Segment Start: Provided entries
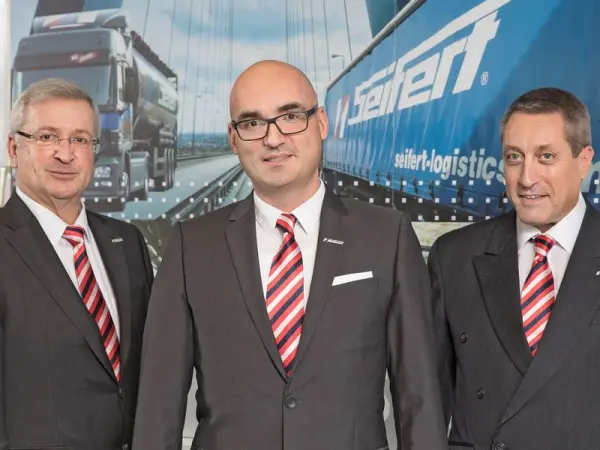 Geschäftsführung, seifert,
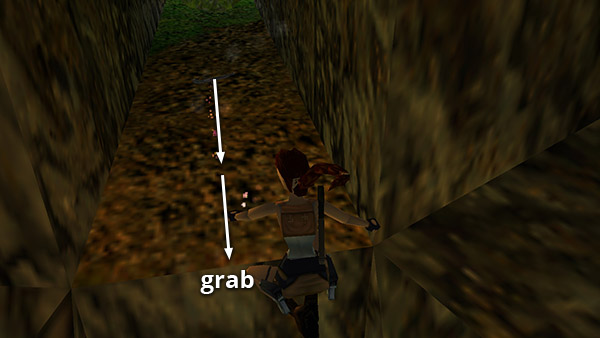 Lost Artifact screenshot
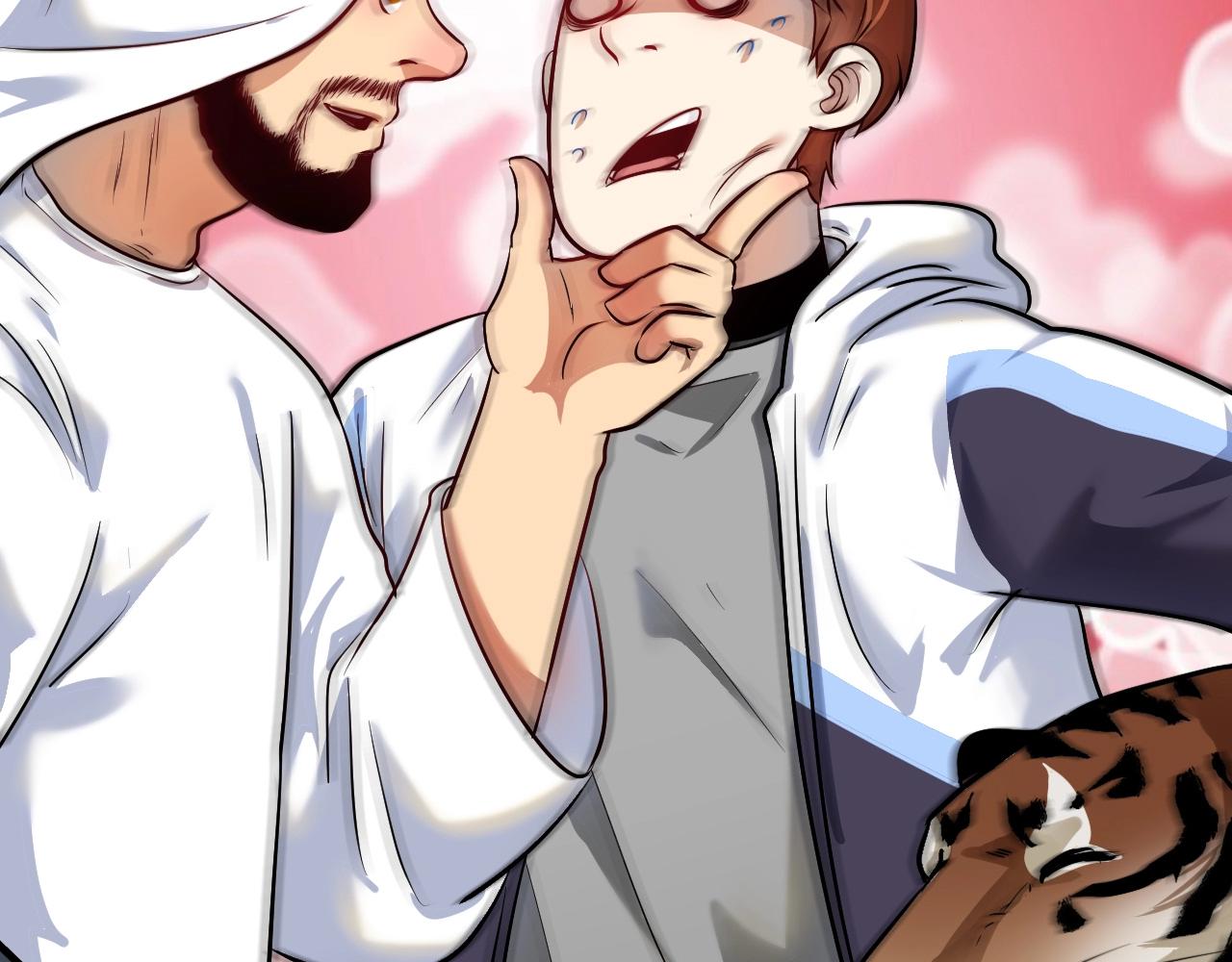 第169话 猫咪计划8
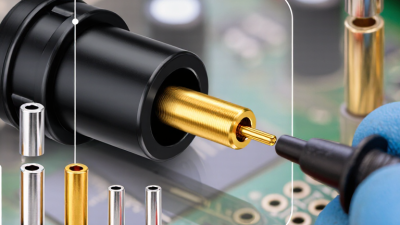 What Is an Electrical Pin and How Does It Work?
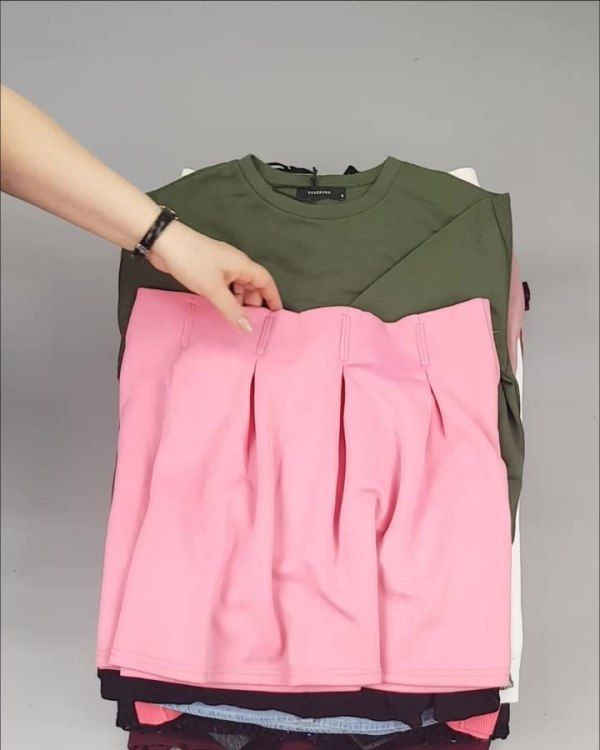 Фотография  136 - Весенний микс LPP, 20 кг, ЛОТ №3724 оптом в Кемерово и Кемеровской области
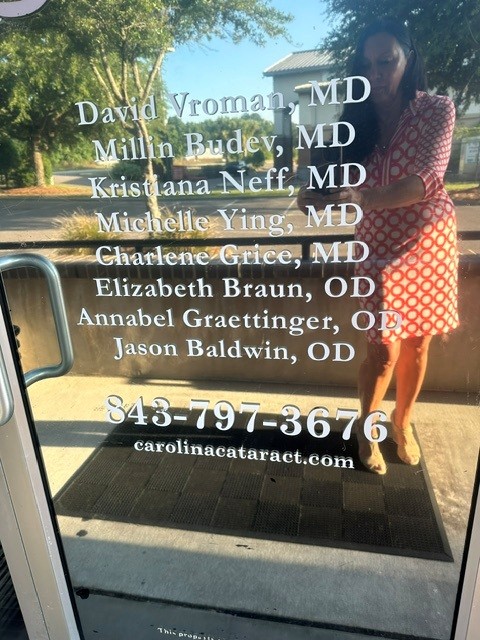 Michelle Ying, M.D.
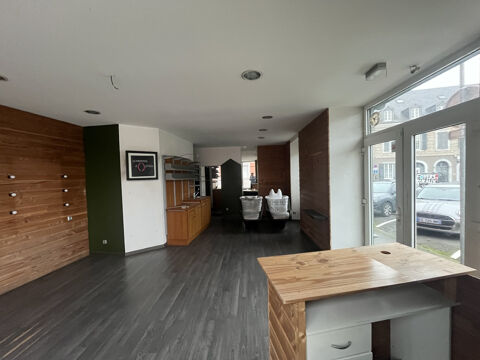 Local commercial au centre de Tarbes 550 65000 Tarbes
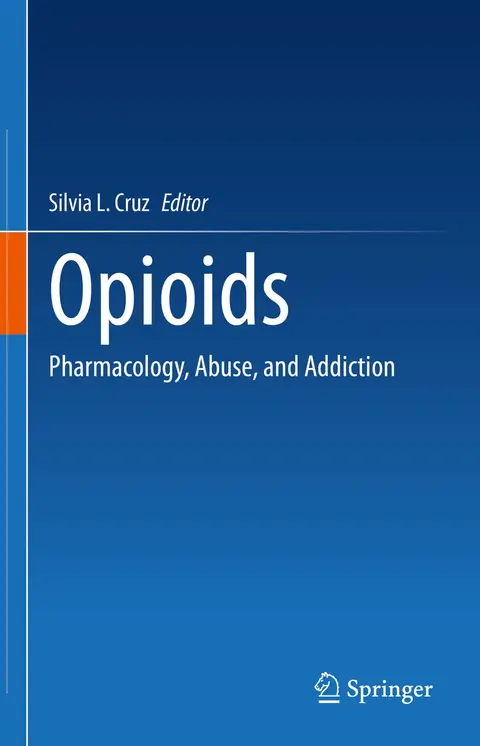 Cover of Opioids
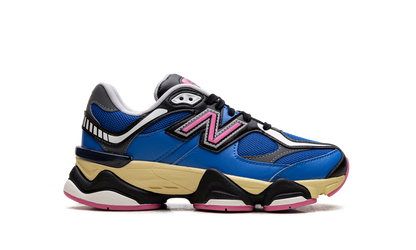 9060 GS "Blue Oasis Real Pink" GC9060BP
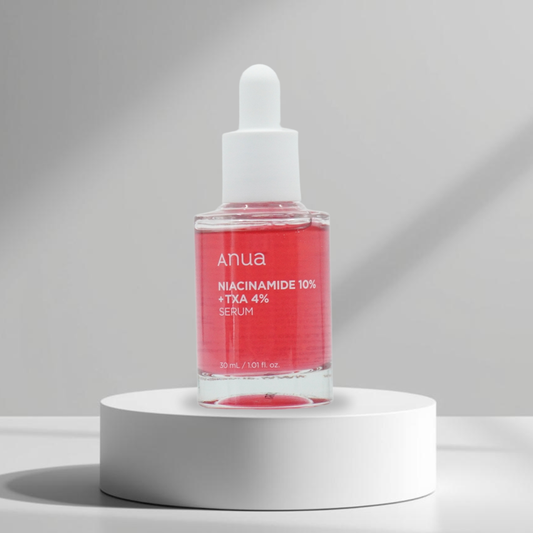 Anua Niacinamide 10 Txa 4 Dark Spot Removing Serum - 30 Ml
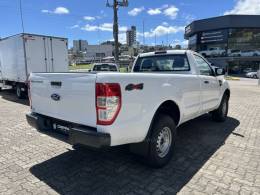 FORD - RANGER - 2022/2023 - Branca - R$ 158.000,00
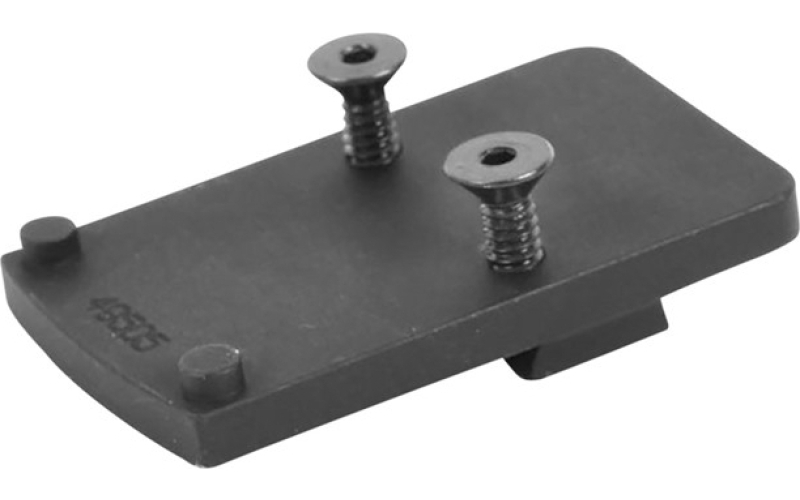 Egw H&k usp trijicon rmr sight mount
Segment End: Provided entries
* [To do] Only the pictures may be dropped when you copy the data above; everything else stays exact.

* [Response below]
 Geschäftsführung, seifert,
 Lost Artifact screenshot
 第169话 猫咪计划8
 What Is an Electrical Pin and How Does It Work?
 Фотография  136 - Весенний микс LPP, 20 кг, ЛОТ №3724 оптом в Кемерово и Кемеровской области
 Michelle Ying, M.D.
 Local commercial au centre de Tarbes 550 65000 Tarbes
 Cover of Opioids
 9060 GS "Blue Oasis Real Pink" GC9060BP
 Anua Niacinamide 10 Txa 4 Dark Spot Removing Serum - 30 Ml
 FORD - RANGER - 2022/2023 - Branca - R$ 158.000,00
 Egw H&k usp trijicon rmr sight mount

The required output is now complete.